The reason derivatives sell is that they provide a way of spreading and hedging risk. Far from increasing the risks in the financial system, in fact they dissipate it, greatly adding to both macro and microeconomic stability.The growth in these markets is thus not just good for London financiers and house prices in Belgravia, but for global economic stability too.

What are they doing to the structure of money as a whole? The link between the growth in derivative trading and the supply of money in the global economy may be a tenuous one, but I suspect that the sharp increase in the latter has at least in some part been instructed by the growth in the former. It must have been a source of some amusement to Milton Friedman, the high priest of monetarism, to see in the twilight of his life the debate about monetary aggregates being resumed with such passion. Bizarrely, his death this week coincided with a number of keynote speeches by central bankers on the growth of money and its implications.

For those of us of a certain age, monetarism is still something of a dirty word, for it is associated with the disastrous experiment in monetary targeting pursued in the early years of the Thatcher government. It was impossible not to believe that the accompanying recession, with more than 3 million out of work and another factory closing almost daily, was not in some way connected.

Under Nigel Lawson, the policy was switched from one of internal monetary targeting to that of targeting the exchange rate. In time this proved equally disastrous, sparking first an unsustainable boom, and then an all-encompassing bust. It was only after Britain was forced out of the ERM that the inflation targeting which has become the bedrock of today's macroeconomic stability was introduced.

Yet central bankers wholly ignore growth in the monetary aggregates at the peril. Inflation is after all only a factor of too much money chasing too few goods and services. Only this week, Mervyn King, Governor of the Bank of England, said that "rapid growth in all money and credit will lead in the end either to higher inflation in goods and services or to higher asset prices that will increase demand that will itself lead to higher inflation".

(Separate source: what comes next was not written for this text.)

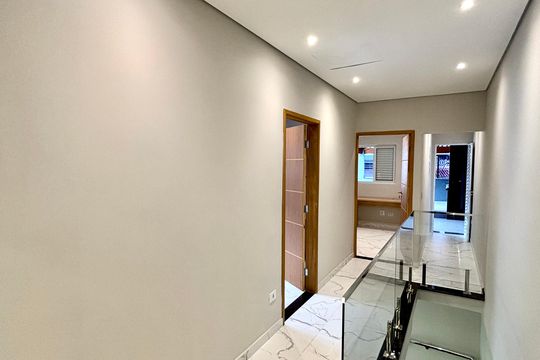 Corredor de casa à venda com 4 quartos, 231m² em Vila Euthalia, São Paulo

He added the rider that the growth in money might also be accommodated by a change in the speed with which it is turned over. Ever since the first attempts were made to measure the growth in monetary aggregates, this has always been their major drawback. The size of the money supply, as well as the conclusions that can be drawn from its behaviour, depend crucially on how it is measured. Virtually all the measures devised seem to have little short-term correlation with inflation.

This has led Ben Bernanke, chairman of the US Federal Reserve, to question their usefulness as a macroeconomic indicator. In Britain, much of the present increase in broad money is occurring in the financial sector outside the sort of institutions that would normally be a source of pressure on asset prices.

Could this be at least in part the growing cash balances churned by pension funds, insurers and others in derivative transactions? And if it is, does it have any implications for inflation and interest rates? Sadly, the man who might once have provided the answer, Milton Friedman, is no longer with us.